Updating an acceleration structure requires that any other acceleration structure that is using this acceleration structure as a child directly or indirectly also needs to be updated or rebuild.

Compaction

A post-process can compact an acceleration structure after construction. This process can significantly reduce memory usage, but it requires an additional pass. The build and compact operations are best performed in batches to ensure that device synchronization does not degrade performance.

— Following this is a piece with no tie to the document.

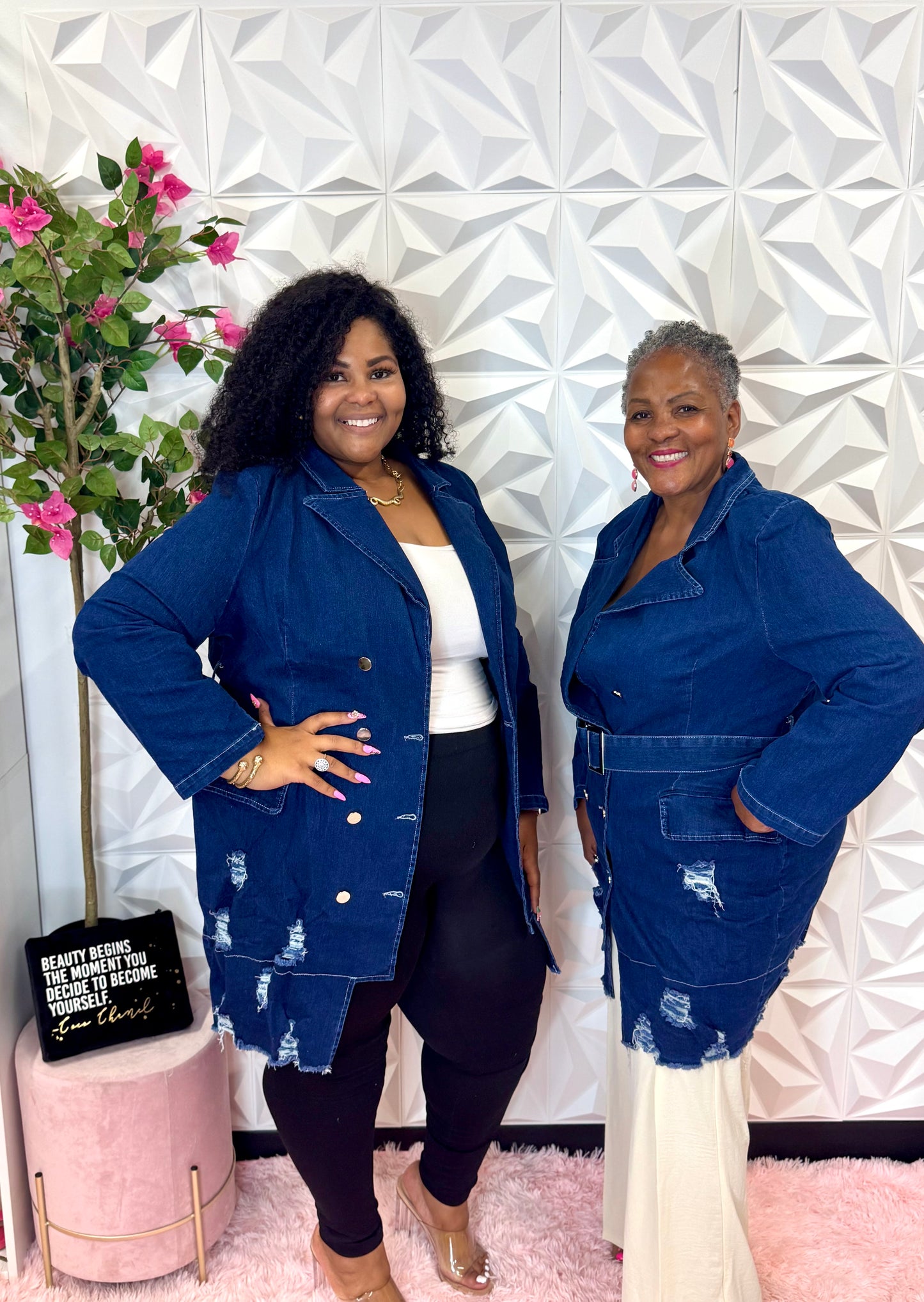 Lady Denim Elegance Jacket Dress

The compacted size depends on the acceleration structure type and its properties and on the device architecture.

Compaction Safe API

To compact an [Accel] or DynamicAccel when building, simply pass true for the compact parameter. This handles all buffer allocation and management internally, providing safely and simplicity at the cost of not being able to re-use temporary buffers.

Compaction Unsafe API

To compact the acceleration structure as a post-process, do the following:

The accel_compact() call should be guarded by an if compacted_size < output_size (or similar) to avoid the compacting pass in cases where it is not beneficial. Note that this check requires a copy of the compacted size (as queried by accel_build()) from the device memory to host memory.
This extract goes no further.